Perché… Il 15 maggio di due anni addietro (Anno Domini 2020!), su La Voce dell’Isola, abbiamo avuto modo di parlare di “laboratori” Made in Usa. Anche il titolo di quell’articolo appariva emblematico: Sicilia e Coronavirus: perché Sigonella USA non interviene?”. Così scrivevamo: A Sigonella (già, Sigonella si trova in Sicilia, alle porte di Catania…) c’è da decenni la più avanzata e sofisticata base militare degli Stati Uniti d’America, la Naval Air Station. In questa installazione il 12 dicembre dello scorso anno è stato trasferito, dopo 70 anni, dalla sede del Cairo in Egitto, il Naval Medical Research Unit (NAMRU-3). Una notizia importante, passata (o trascurata o volutamente ignorata?) dai mass media nazionali e locali, pubblicata da Antonio Mazzeo il 26 marzo scorso in piena pandemia. Cos’è il NAMRU? È il reparto sanitario d’élite delle forze armate Usa che svolge ricerche e test su virus e batteri e concorre alla produzione di vaccini e farmaci “antivirali”. Mazzeo spiega bene: il NAMRU è composto da una decina di ufficiali di US Navy, a cui si affiancano ricercatori del Dipartimento della Difesa e di alcune aziende private “animate a ottimizzare le capacità di combattimento” delle forze armate degli Stati Uniti e dei Paesi partner. L’unità può inoltre contare su un pool di “esperti” di entomologia, microbiologia e infettivologia. Oltre a quella di stanza a Sigonella, esistono altre quattro unità della Naval Medical Research sparse a livello mondiale: NAMRU-San Antonio in Texas; NAMRU-Dayton in Ohio; NAMRU-2 a Singapore e NAMRU-6 a Lima, Perù.

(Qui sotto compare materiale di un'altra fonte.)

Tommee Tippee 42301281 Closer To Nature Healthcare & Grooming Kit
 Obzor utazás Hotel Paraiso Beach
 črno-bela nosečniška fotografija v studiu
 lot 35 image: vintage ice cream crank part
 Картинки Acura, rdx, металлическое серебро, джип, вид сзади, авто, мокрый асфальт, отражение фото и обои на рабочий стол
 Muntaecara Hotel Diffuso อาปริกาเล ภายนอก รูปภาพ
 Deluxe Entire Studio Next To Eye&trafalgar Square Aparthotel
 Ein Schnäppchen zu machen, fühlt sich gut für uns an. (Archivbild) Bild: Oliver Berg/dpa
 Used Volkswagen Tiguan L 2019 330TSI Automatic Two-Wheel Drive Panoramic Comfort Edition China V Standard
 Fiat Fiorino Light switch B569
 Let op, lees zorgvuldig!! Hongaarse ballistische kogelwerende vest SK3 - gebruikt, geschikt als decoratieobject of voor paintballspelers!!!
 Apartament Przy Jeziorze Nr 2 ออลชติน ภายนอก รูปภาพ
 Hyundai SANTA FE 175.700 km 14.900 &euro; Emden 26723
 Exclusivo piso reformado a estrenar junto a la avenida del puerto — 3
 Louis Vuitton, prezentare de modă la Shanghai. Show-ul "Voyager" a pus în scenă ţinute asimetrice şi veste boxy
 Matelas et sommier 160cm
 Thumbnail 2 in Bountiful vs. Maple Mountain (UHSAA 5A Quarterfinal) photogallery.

“La missione di NAMRU-3 è quella di studiare, monitore e individuare le emergenti e riemergenti minacce di malattie che interessano i militari e la salute pubblica, così come quella di sviluppare strategie di mitigazione contro di esse”, riporta il Pentagono. “Ciò è svolto in partnership con le nazioni ospitanti e le agenzie Usa come U.S. Centers for Disease Control (CDC). Le ricerche di base, epidemiologiche e cliniche di NAMRU-3 si rivolgono in particolare alle malattie enteriche, alle infezioni acute respiratorie, alle epatiti, alla tubercolosi, alle meningiti, all’HIV e a varie infezioni da parassiti, batteri e virus che sono endemiche e rappresentano un grave problema pubblico (…) Nel 2001 l’unità medico-militare è stata riconosciuta dall’OMS quale “Centro di collaborazione per le malattie infettive emergenti e/o riemergenti” e successivamente quale “laboratorio di referenza” per le influenze e le meningiti nella Regione del Mediterraneo orientale, mentre è in atto il processo di riconoscimento come laboratorio per l’influenza aviaria (…). La presenza del NAMRU in Sicilia prima ancora che esplodesse “ufficialmente” la pandemia Coronavirus porrebbe diversi interrogativi….”.

Non sappiamo cosa stia accadendo realmente in Ucraina, non conosciamo le intenzioni di Putin, noi “mortali” non siamo al corrente delle strategie della NATO, non sappiamo quali possano essere le concrete mire degli Stati Uniti d’America, e cosa gli USA fanno nei “loro” laboratori sparsi in Paesi distanti dal loro territorio. Ci chiediamo serenamente: “I nostri Governanti – quelli Italiani – sanno a quale gioco stanno partecipando a nome di tutti i loro connazionali tenuti costantemente all’oscuro su tutto?